[espeak-ng:master] reported: Option to keep punctuation signs in IPA output ? #github
email@example.com Integration <espeak-ng@...>
[espeak-ng:master] New Comment on Issue #275 Option to keep punctuation signs in IPA output ?
Hi Neil, I had a look at it when opening this issue but it soon looked like a too difficult task for me. IIRC, the problem was that I could not find a way to do it easily with the current architecture : espeak first uses the punctuation to perform a structure analysis and split sentences into chains of clauses and it drops the punctuation at that early stage. Thus, we could mark the clauses as "beginning with that punctuation sign" or "ending with this punctuation sign", but this would not be sufficient because there could be clause-non-affecting punctuation signs in the middle of the clauses. The problem is that keeping those signs would parasite the next stage, where clauses are transcribed into phonemes. Additionally, if you want to keep spaces and carriage returns, it makes things even more difficult.
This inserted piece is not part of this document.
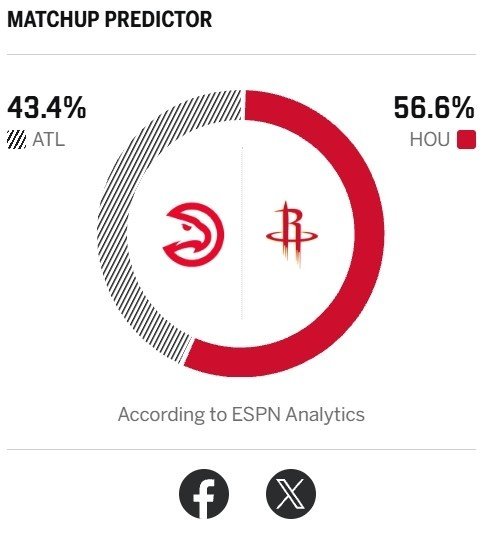 明早八点半 老鹰vs火箭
For my needs, I work in a scripted environment so I have implemented some kind of hacky solution around espeak, with a pre-processor and a post-processor. The pre-processor inserts characters in the input around the punctuation, like tags (using far encoded chars from the unicode like U+F8E0, etc) , and it saves the list of encountered tags/punctuation in an array for later. Additionally, I declare each one of these tag characters in the dictionaries as words, their image as phonemes being themselves, and finally I declare these phonemes in the phoneme files as virtual phonemes, having (again) themselves as an ipa output. That way, these "tags" are carried all along the chain down to the ipa and because they are declared virtual, they do not seem to parasite the clause analysis or the interaction between phonemes. At the end, in the post-processor, I replace back the tags by the original punctuation signs I had saved in an array with the pre-processor.
As I said this is totally ugly (happily there seems to be no vomiting smiley on github).
I couldn't see any other way of doing it with the current architecture, and that's why I've referenced #369 : with a different architecture, a more structured analysis and representation of the input (like a chain of tokens), that would probably be far easier. Seems to me it's quite a lot of work but imho the way to go.
I don't know if it really helps. I'd be happy to have a more accurate opinion from the maintainers too, I'm definitely not at ease with espeak's source code.